Any time the Santa Ana winds pick up in so cal they turn the power off to prevent fires now so yeah the US power infrastructure is shit compared to Germany. Over there it’s all underground because when they rebuilt after ww2 they realized it’s dumb to have it be so easy to blow up your power grid with bombs.
If you have any residential overhead distribution, that’s gonna drag you down compared to everything buried. It still counts as downtime of a tree did it.
If too many people go off-grid just enough to avoid paying their fair share, the costs get pushed onto those who can't generate their own power. Balancing that will be tricky.
I’ve been looking into doing this on my balcony in Spain. They sell “plug in” solar kits, but I’ve yet to determine if it’s actually legal here. I have a south facing balcony that’s about 1mx3m, so should be able to get about 400-600 watts of panels on the railing.
I actually came across this article in my research and it’s the only thing I’ve found saying it’s legal if it’s under 800w.
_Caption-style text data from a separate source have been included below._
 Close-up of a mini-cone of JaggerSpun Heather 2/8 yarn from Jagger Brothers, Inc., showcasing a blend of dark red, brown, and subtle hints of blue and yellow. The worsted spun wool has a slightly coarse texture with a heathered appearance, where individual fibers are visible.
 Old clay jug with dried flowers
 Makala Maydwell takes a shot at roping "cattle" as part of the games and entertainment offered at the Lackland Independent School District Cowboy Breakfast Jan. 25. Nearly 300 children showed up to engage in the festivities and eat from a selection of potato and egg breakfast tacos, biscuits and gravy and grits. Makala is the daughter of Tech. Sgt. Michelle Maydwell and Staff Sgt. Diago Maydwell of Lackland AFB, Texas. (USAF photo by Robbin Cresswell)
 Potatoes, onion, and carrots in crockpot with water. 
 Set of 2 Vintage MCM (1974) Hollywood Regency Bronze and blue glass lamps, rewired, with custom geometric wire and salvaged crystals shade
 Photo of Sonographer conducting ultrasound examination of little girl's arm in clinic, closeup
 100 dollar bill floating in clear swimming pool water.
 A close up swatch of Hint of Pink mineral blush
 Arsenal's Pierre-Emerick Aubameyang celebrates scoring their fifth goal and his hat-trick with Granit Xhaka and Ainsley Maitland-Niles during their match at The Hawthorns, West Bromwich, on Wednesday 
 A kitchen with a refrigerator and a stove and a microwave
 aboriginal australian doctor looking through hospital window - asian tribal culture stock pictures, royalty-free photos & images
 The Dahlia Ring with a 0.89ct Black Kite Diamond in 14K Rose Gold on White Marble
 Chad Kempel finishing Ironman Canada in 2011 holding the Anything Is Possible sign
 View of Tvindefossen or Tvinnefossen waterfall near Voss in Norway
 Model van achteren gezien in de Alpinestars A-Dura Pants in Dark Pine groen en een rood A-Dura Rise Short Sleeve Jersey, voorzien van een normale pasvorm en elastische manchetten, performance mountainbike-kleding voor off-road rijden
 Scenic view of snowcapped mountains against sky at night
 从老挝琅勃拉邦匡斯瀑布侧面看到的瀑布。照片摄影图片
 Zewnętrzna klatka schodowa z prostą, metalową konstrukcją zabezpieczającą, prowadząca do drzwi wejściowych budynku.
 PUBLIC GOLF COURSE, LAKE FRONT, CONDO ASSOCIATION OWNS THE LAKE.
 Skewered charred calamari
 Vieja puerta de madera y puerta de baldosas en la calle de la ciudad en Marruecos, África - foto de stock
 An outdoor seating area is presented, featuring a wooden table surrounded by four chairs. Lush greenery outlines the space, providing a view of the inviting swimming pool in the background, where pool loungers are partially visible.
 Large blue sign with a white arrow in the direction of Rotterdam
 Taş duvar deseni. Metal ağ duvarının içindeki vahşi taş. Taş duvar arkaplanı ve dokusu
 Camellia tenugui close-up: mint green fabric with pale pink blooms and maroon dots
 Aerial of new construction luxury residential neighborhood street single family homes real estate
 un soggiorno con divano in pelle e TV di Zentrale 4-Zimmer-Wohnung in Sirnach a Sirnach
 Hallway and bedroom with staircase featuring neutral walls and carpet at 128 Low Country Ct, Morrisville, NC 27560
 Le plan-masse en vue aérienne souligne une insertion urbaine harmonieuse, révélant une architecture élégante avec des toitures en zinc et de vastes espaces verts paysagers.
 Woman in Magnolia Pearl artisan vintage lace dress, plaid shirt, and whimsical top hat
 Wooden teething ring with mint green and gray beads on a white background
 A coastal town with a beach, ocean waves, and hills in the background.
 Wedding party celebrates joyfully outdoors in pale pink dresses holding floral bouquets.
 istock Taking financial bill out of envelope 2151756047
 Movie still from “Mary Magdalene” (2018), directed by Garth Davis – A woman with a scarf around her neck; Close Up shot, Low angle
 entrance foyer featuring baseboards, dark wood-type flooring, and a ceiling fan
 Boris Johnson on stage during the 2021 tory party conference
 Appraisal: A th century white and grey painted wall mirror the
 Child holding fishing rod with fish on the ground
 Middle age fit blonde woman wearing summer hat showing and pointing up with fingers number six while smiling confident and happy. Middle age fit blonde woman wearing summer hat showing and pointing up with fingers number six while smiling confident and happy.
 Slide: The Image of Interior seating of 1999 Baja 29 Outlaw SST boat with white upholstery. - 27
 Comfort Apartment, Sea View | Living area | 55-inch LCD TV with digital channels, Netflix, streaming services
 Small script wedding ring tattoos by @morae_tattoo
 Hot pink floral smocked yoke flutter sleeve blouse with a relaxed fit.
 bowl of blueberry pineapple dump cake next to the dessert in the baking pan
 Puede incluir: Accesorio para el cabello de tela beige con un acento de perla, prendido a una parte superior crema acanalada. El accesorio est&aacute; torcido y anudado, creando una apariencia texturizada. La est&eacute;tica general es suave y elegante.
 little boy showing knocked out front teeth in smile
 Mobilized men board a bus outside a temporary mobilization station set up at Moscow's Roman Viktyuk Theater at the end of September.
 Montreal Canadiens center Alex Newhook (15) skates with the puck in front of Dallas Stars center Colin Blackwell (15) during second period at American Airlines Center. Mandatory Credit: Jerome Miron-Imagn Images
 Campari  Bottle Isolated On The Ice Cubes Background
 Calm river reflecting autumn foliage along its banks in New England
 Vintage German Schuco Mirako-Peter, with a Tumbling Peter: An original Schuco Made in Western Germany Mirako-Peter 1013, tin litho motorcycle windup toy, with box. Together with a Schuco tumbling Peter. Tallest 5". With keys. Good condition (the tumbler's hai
From what I’m gather it’s just a few solar panels and an inverter that feeds electricity into a socket, more or less.
My concern is what happens when there’s a power outage? I’d then be feeding power into a system that’s “denergized”. I know with real solar setups there’s an automatic cutoff when that happens to protect people working on the lines…all the kits i see here mention nothing about a cutoff system.
I live in Berlin, I have some friends that bought some panels just because they could. I'm considering myself even though I don't get a lot of sunlight on my balcony. I only pay about 60 euro per month. But these kits only cost a few hundred euros. So why not? If it saves me 10 euro per month or so, it would earn itself back in 3-4 years under ideal circumstances. It's not a huge saving obviously.
> My concern is what happens when there’s a power outage? I’d then be feeding power into a system that’s “denergized”.
This is Germany, they would have studied that topic thoroughly. In short, the certified inverter that you must use for this would indeed shut down in case of a power loss. This is usually called "anti-islanding protection" and not an optional feature for this.
In Berlin, you could get it for free through the SolarPLUS[1] subsidy program. My setup (2 panels, inverter and mounts) cost less than 500€ and was fully subsidized.
Ask yourself why you are interested in an investment that has only meager returns if everything works out well? Is it worth your time thinking about +/- €10 per month? If that's the case, you could probably achieve it just by using a little less electricity.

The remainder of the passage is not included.